Nothing, by itself — it is declarative. security_schemes advertises what auth the server expects (APIKeySecurityScheme, HTTPAuthSecurityScheme for bearer tokens, OAuth2SecurityScheme, OpenIdConnectSecurityScheme) and security says which schemes are required for each operation. Enforcement is a server-side middleware you add to the Starlette app, typically a dependency that reads the header named in the scheme (X-Api-Key) and validates it against your key service. The lab keeps the scheme declarative so you focus on the contract; production A2A deployments almost always front the app with an auth dependency plus rate limiting.

Why JSON-RPC instead of plain REST for the wire format?

JSON-RPC gives you free-standing method names (message/send, tasks/get, tasks/cancel, tasks/pushNotificationConfig/set) without having to shoehorn them into HTTP verbs and URL paths, and it gives you a uniform error envelope with numeric codes the SDK can translate into Python exceptions. It also plays nicely with bidirectional streaming over Server-Sent Events — the streaming variants (message/stream) reuse the same request shape. The A2A spec pins the wire format so SDKs in different languages stay interoperable; you as the app author mostly interact with AgentCard, AgentExecutor, and the request handler, not with the raw JSON-RPC frames.

What's the difference between a skill and a capability on an AgentCard?

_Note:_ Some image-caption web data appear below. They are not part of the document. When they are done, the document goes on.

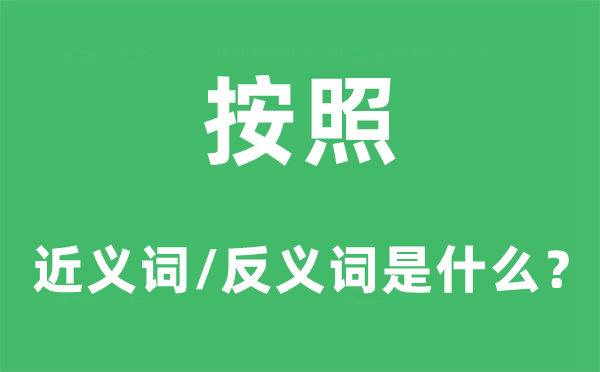 按照的近义词和反义词是什么,按照是什么意思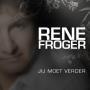 Trackinfo Rene Froger - Jij Moet Verder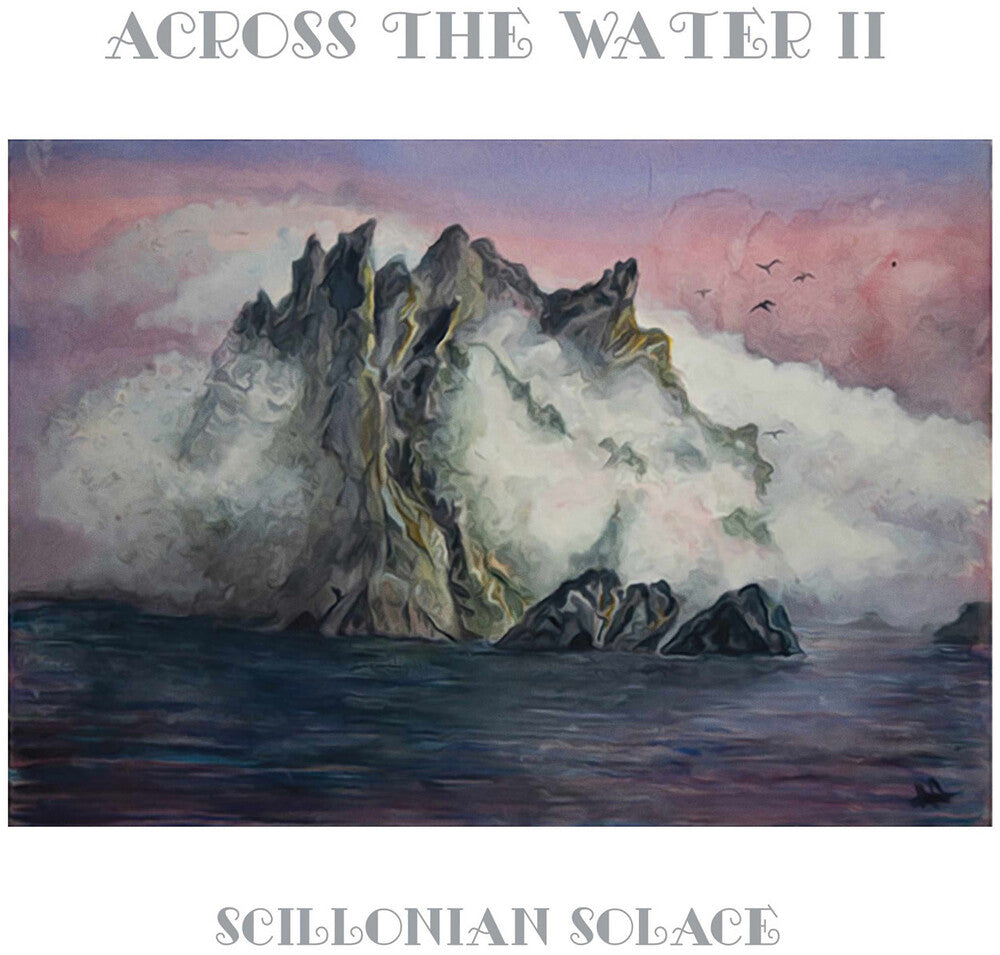 the album cover for Across The Water Ii - Scillonian Solace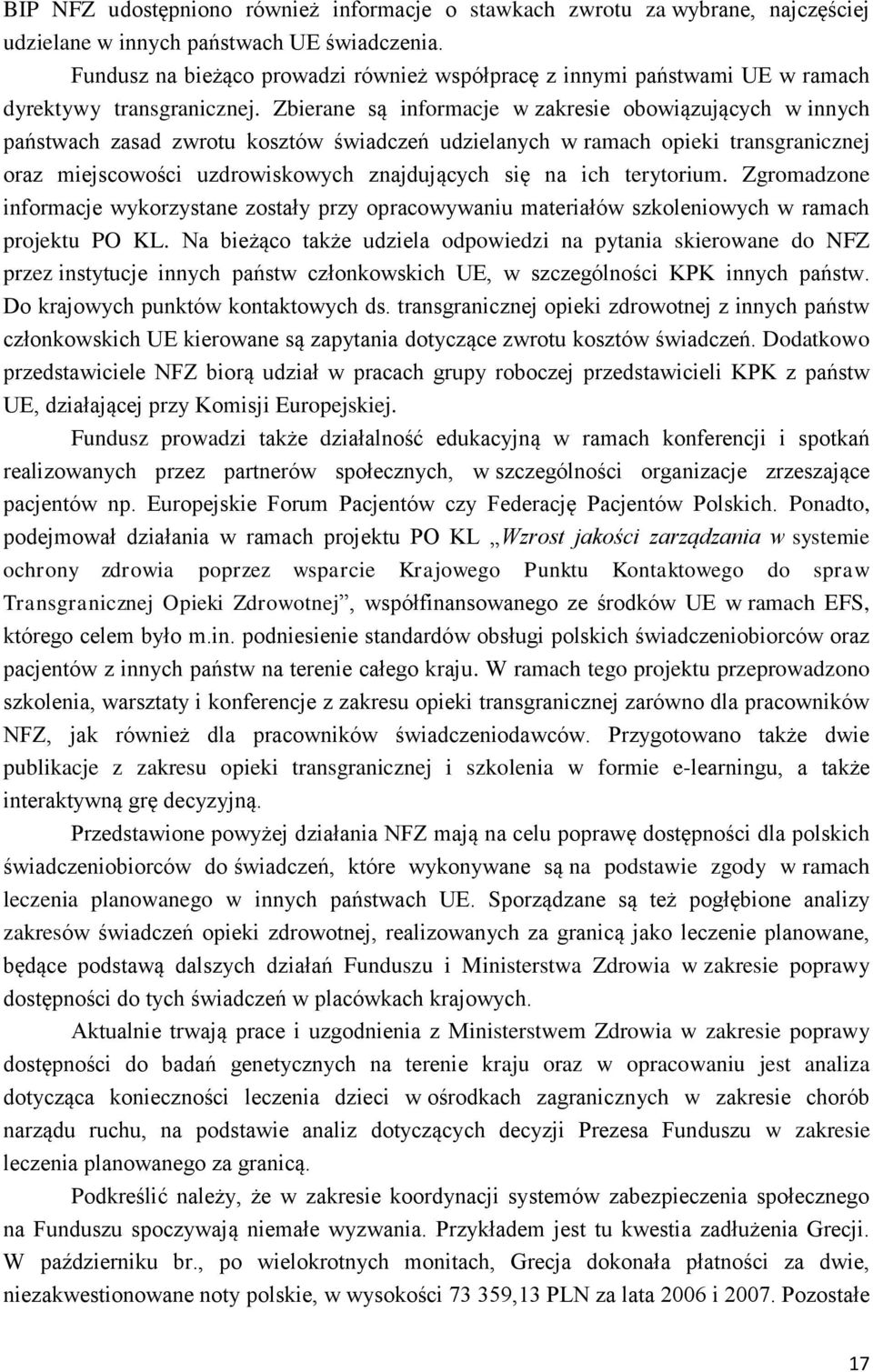 Zbierane są informacje w zakresie obowiązujących w innych państwach zasad zwrotu kosztów świadczeń udzielanych w ramach opieki transgranicznej oraz miejscowości uzdrowiskowych znajdujących się na ich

A skill is domain-level — 'analyse-metrics', 'draft-email', 'summarise-legal-doc' — the kind of thing an LLM-powered caller would read to decide whether to call your agent. A capability is protocol-level — streaming: true, push_notifications: true — the kind of thing a client library reads to decide how to connect. The lab enforces this split by modelling skills as List[AgentSkill] with their own id, name, description, tags, and examples, versus capabilities as a flat AgentCapabilities flags object. Good skill descriptions and worked examples are what let an LLM-powered SupportOps agent pick the right peer agent autonomously.

Is A2A competing with MCP?

No — they solve different problems and are designed to coexist. MCP (Model Context Protocol) standardises the link between an agent and its tools — read this file, query this database, call this API. A2A standardises the link between an agent and other agents — peers, often owned by other teams. In practice a production agent is an MCP client (to fetch tools) and an A2A server (to expose skills to peers) and an A2A client (to delegate to other agents). The final decision-framework step in the lab is specifically about picking the right protocol for each edge in your architecture.